** TASK DESCRIPTION **
Only the lines below between the one holding "Snapshot of pascal88881" and the one holding "Property Photo: 2", inclusive, are to be reproduced word for word; the pictures are to be left out.

** DATA RECORDS **
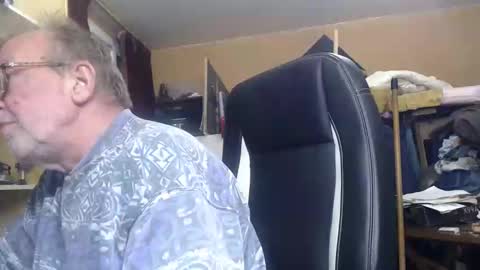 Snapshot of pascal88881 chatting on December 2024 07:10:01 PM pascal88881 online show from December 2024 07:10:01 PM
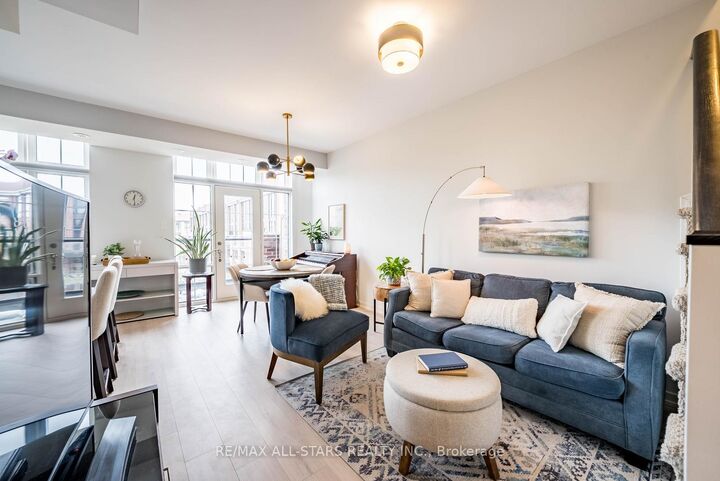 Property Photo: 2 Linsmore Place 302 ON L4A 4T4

--

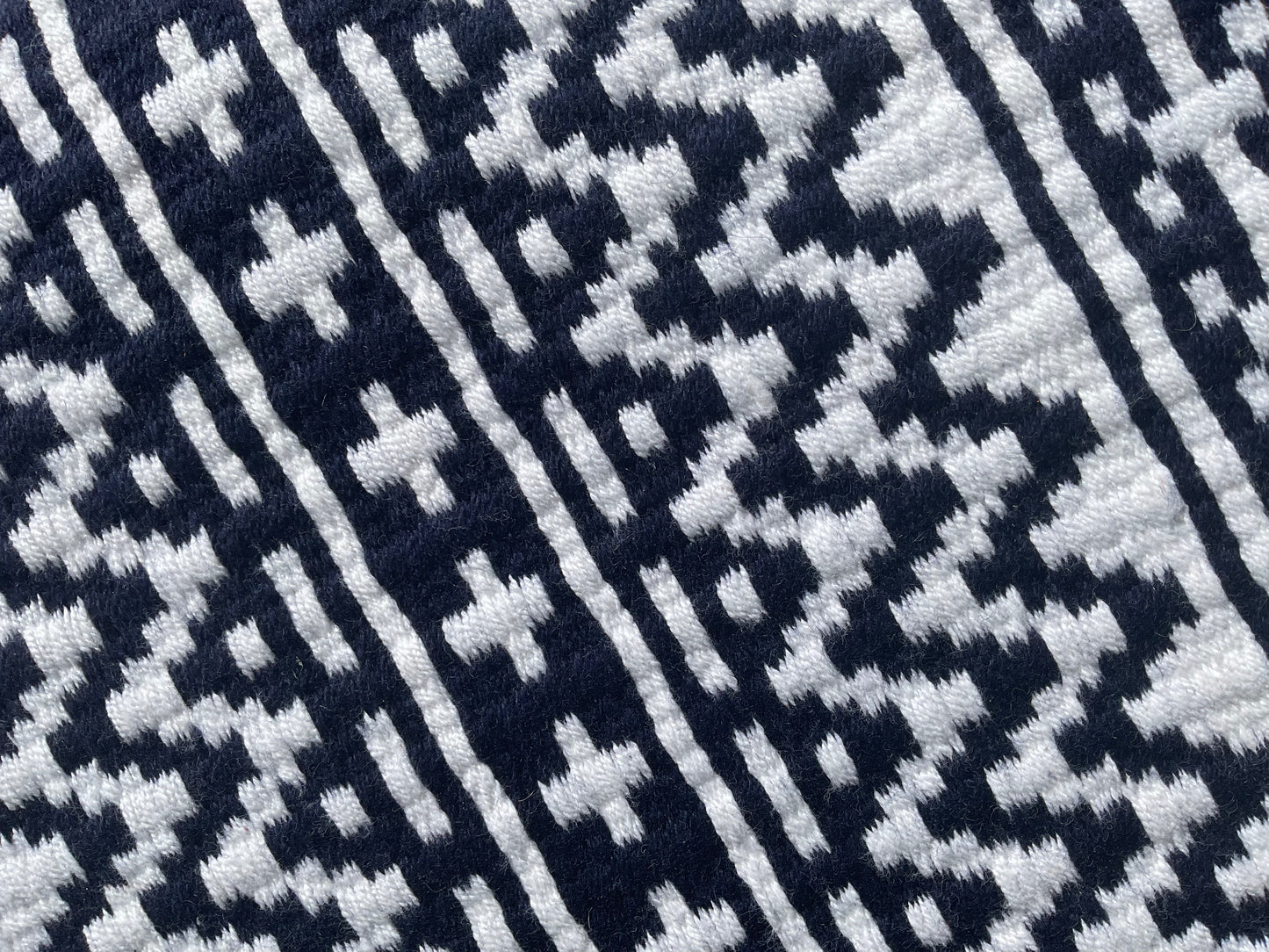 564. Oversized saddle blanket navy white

** ANSWER TO THIS EXERCISE **
 Snapshot of pascal88881 chatting on December 2024 07:10:01 PM pascal88881 online show from December 2024 07:10:01 PM
 Property Photo: 2 Linsmore Place 302 ON L4A 4T4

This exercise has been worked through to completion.